American businessperson and author

Dominic Certo is an American businessperson and author. He has been nominated for the American Book Award, and served as an international judge for the International Federation of BodyBuilding & Fitness (IFBB).

==Career==
Dominic Certo served in the United States Marine Corps and is a veteran of the Vietnam War. He has since served as an advisor and chairman of the advisory board for Operation Homefront. In business, Certo has served as President of Hillside Publications, and Chairman of The Certo Group, a food services company founded by Certo in 1985 and which went public in 2004. He also ran a restaurant chain called LA Café. Certo was knighted by the Royal Family of The Reigning Order of St. John in Russia. He has also received two Presidential Volunteer Service Awards.

==Bodybuilding==
In 1981 Certo was named by the IFBB a judge for that year's Mr. Olympia competition.
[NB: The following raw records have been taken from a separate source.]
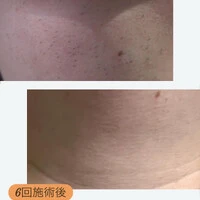 画像338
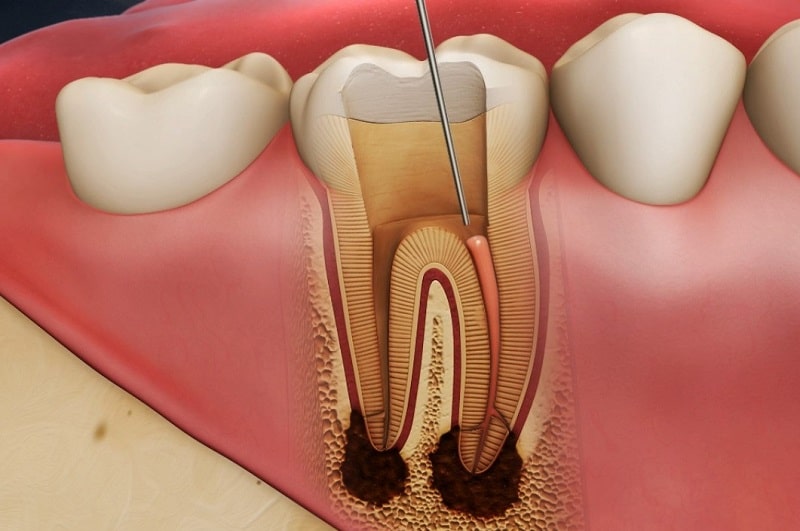 Chân răng đã bị hoại tử do viêm tủy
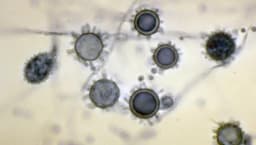 Histoplasmosis Outbreak Causes Illness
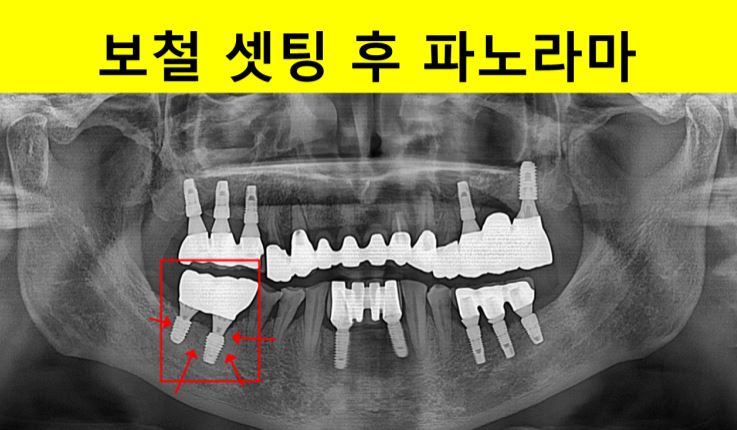 38d98fe9c5ac1594fad098d774cb9709_1753695717_3692.JPG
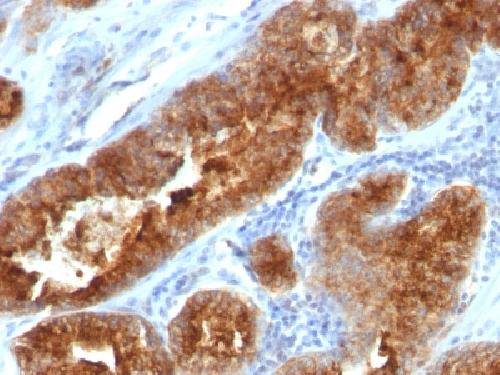 TAG-72 / CA72.4 (Tumor-Associated Glycoprotein) Antibody
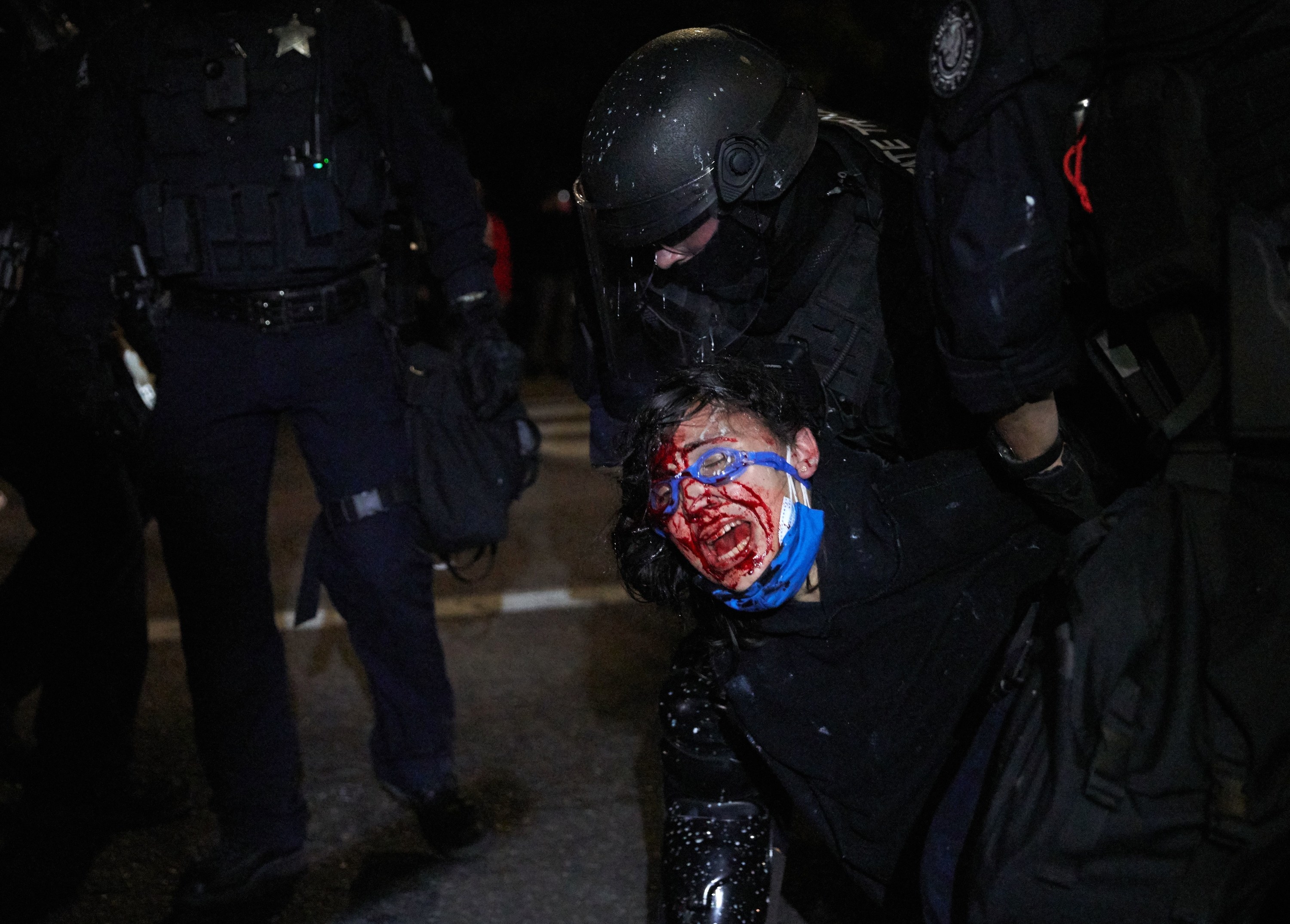 A protester wearing blue goggles shouts and bleeds from the face as a police officer clad in black holds them down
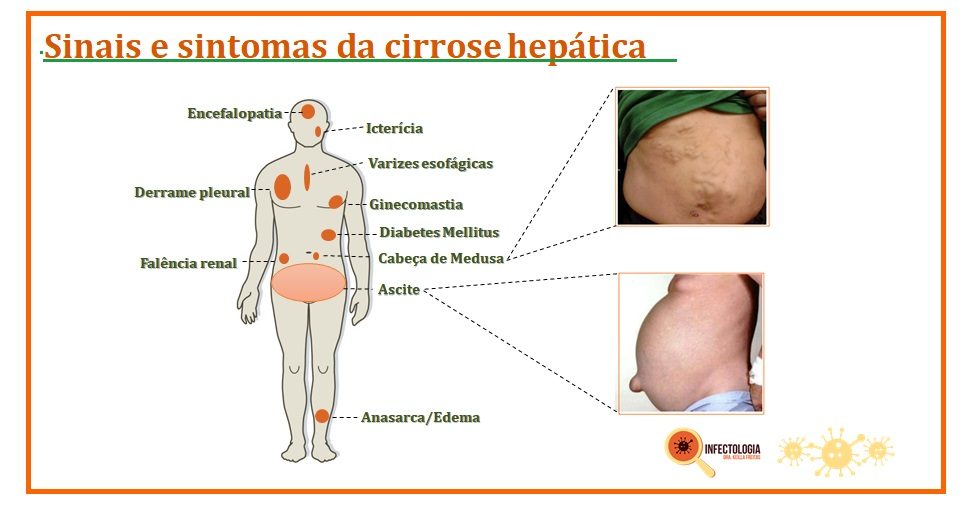 Cirrose hepática é a fase irreversível da lesão hepática.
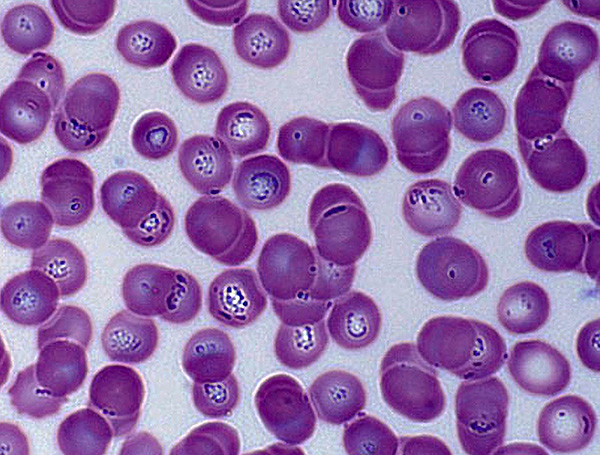 Takto vypadá krev psa s piroplazmózou pod mikroskopem – piroplazmy jsou jasně viditelné v červených krvinkách.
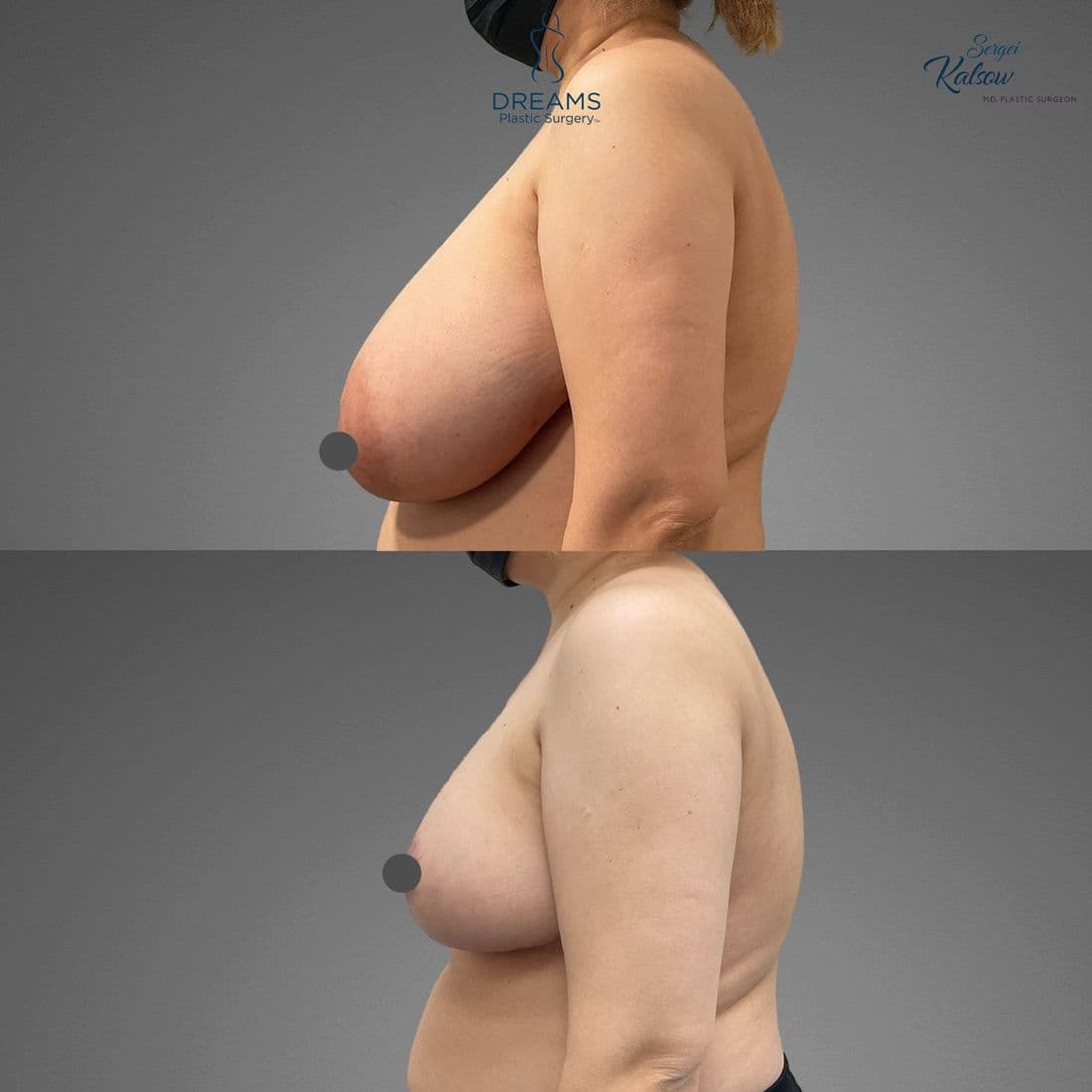 Breast Lift & Reduction before and after result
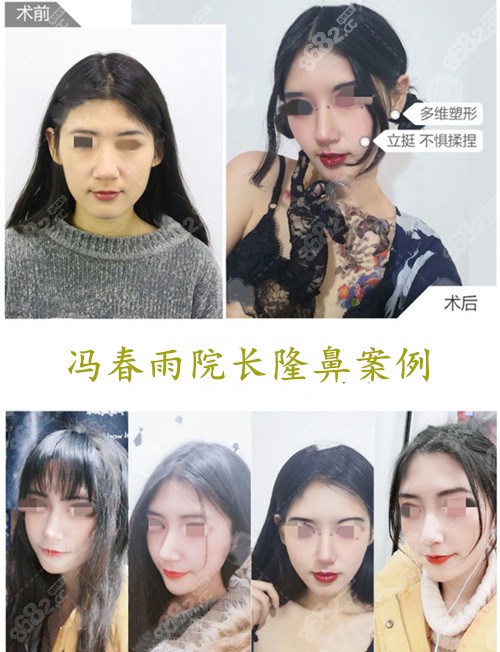 成都美容<!--<i data=20240705-sp></i>-->鼻型矫正真人案例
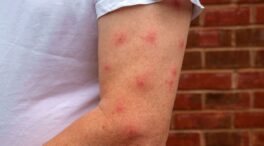 Los mejores remedios caseros para picaduras de mosquitos, según Medical News Today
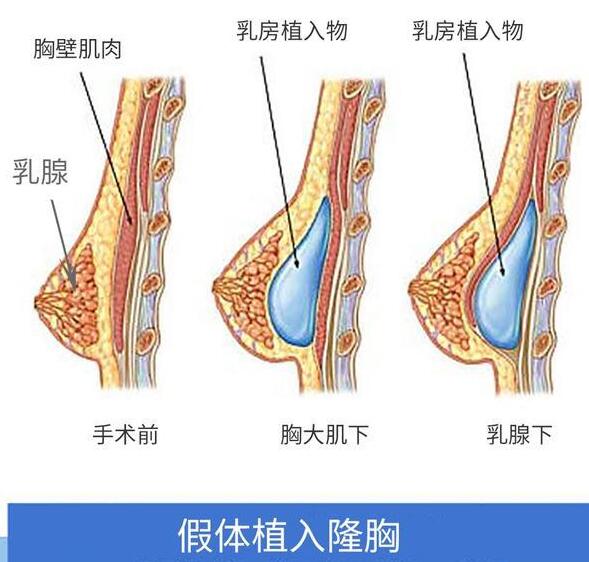 隆胸的后遗症有哪些？危害大不大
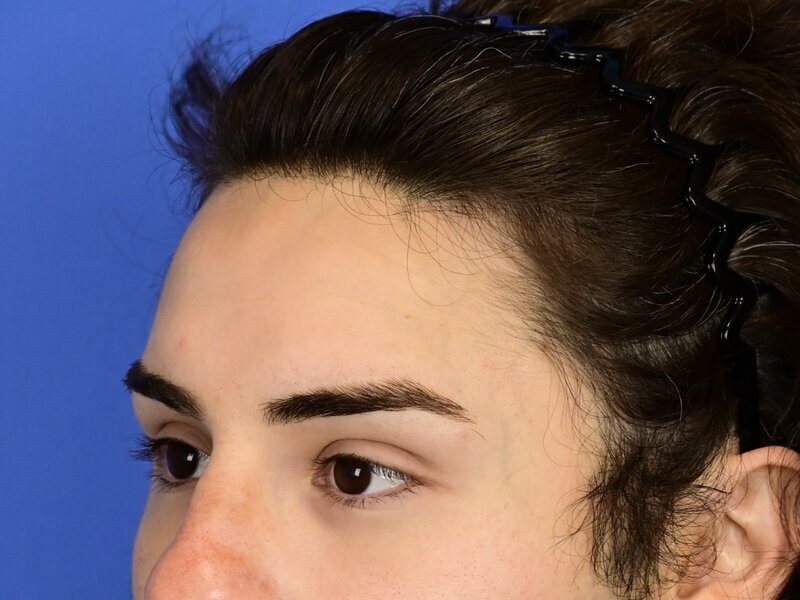 Hairline Advancement Before & After Image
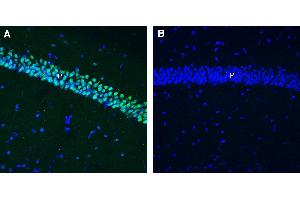 Expression of NPTX2 in mouse hippocampus. (NPTX2 anticorps  (Secreted))
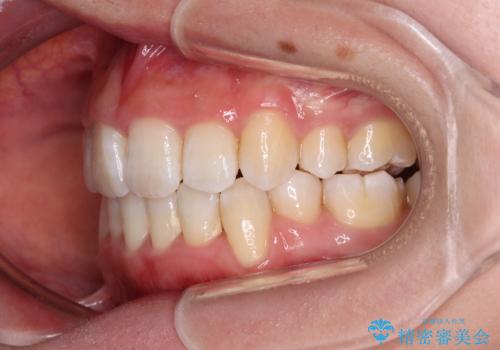 デコボコと出っ歯 抜歯矯正でスッキリとした口元にの治療後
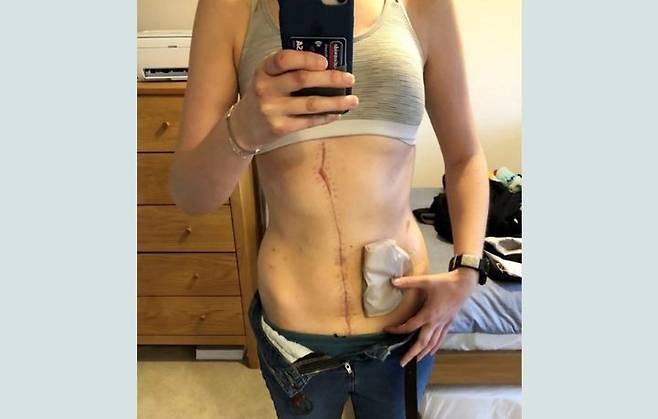 [서울=뉴시스] 영국에 거주하하는 레베카 힌드(39·여)는 복막가성점액종을 진단받고 장기 13개를 제거하는 수술을 받았지만, 병은 완치되지 못했고 결국 불치병 판정을 받았다. (사진=더 미러 캡처) 2025.06.02 *재판매 및 DB 금지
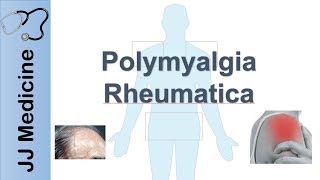 Polymyalgia Rheumatica  Signs amp Symptoms Diagnosis and Treatment [upl. by Machute]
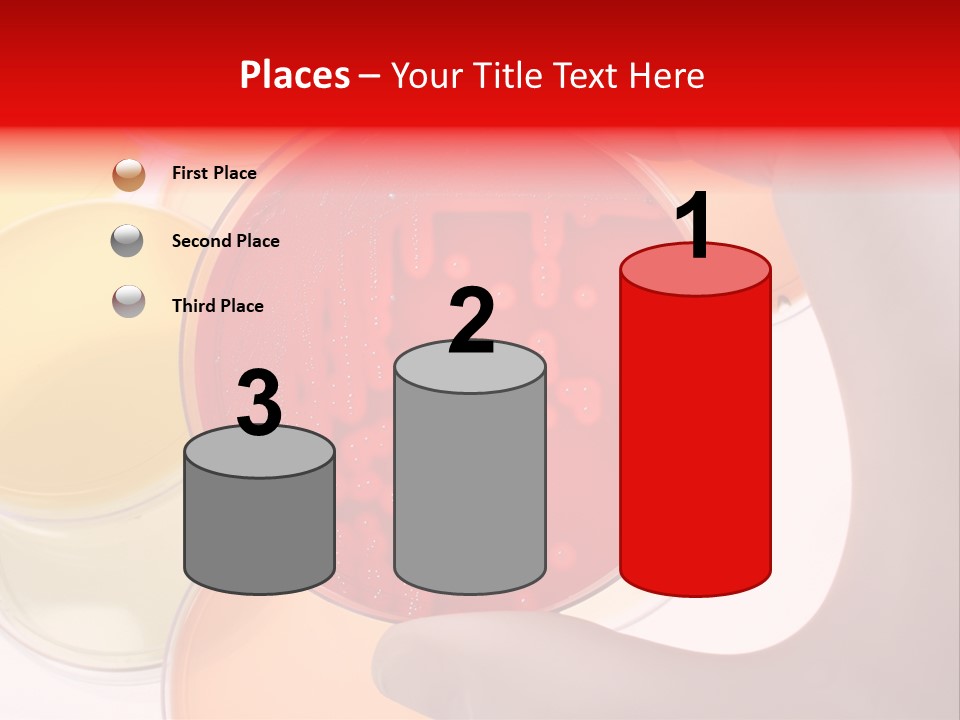 Diagnostics Bacteria Disease PowerPoint Template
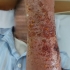 Hà Nội: Người đàn ông bị dị ứng sau khi rắc thuốc lên vết thương do mèo cào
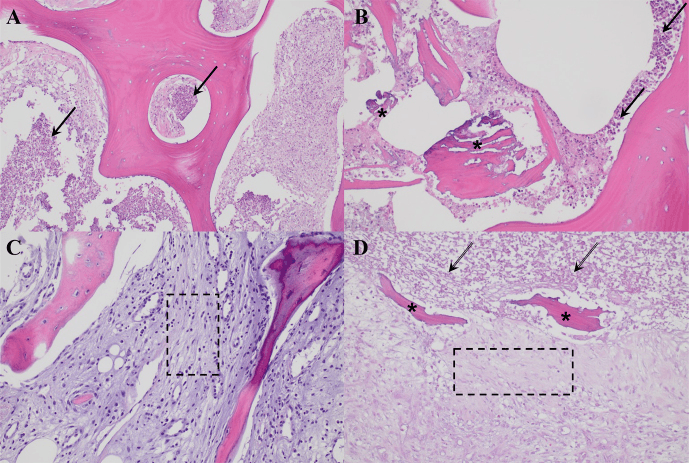 Histology showing acute and chronic osteomyelitis patterns in peri-implant hip bone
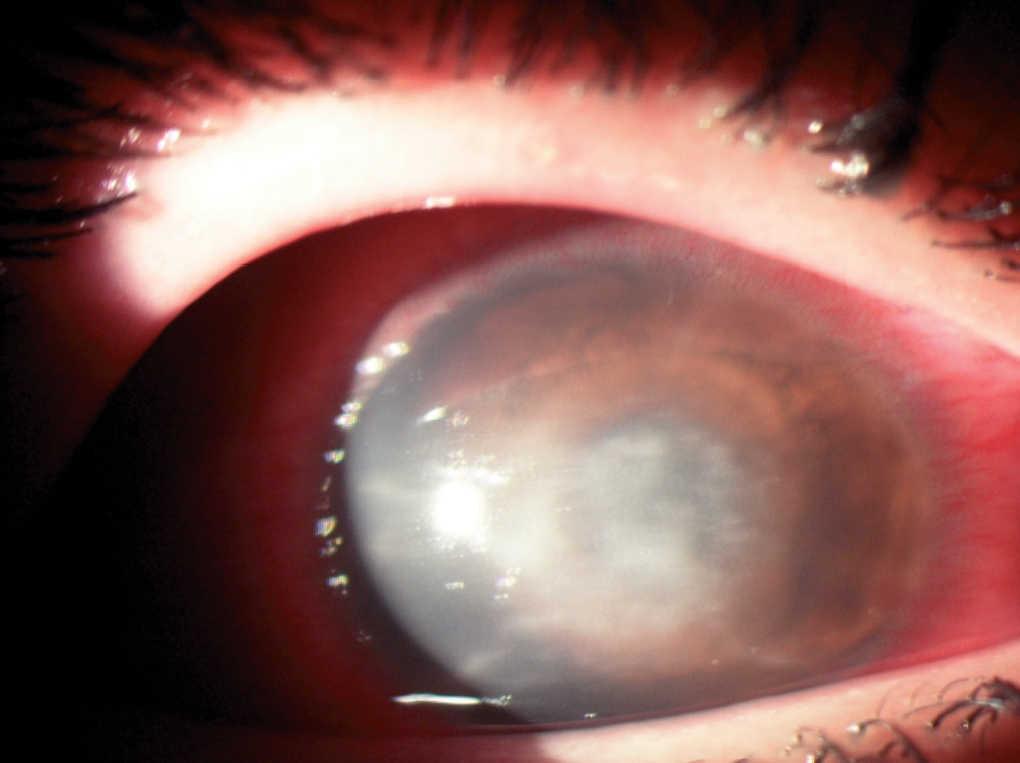 Queratitis En Portador De Lentes De Contacto Enfermedades Infecciosas Y Microbiologia Clinica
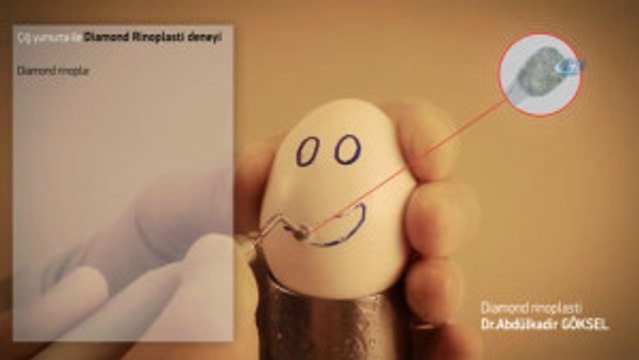 Alman ve Ruslar Burun Estetiği İçin Türkiye'ye Akın Ediyor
From 1980 to 1986 he served as the Director of the Professional Division Judging for the IFBB, and from 1985 to 1990 he was the Vice President of the Professional Division. He was also the co-producer and director for the 1988 Mr. Olympia and was the awarded the IFBB Silver Medal. Certo is both now a coach and a prior national competitor in the sport himself.

==Writing==
Certo wrote the book The Valor of Francesco D'Amini, a fictionalized account of a Marine platoon during the Vietnam War. It was nominated for the 1980 American Book Award, and received the 1979 Vegas Writer Award for Prose. In 2006 Certo self-published the book Success-Pure and Simple: How to Make It in Business, Sports and the Arts!, which focuses on using lessons from athletics and applying them to various professional fields. Certo is the co-author of the book Gold in the Coffins, released in 2015 and co-written with Len Harac. The novel follows the story of an ex-Marine who builds a gourmet coffee company only to have a Wall Street firm lure them into a predatory IPO. This led to him being awarded the 2015 Literary Artist Of The Year by the NJ State General Assembly.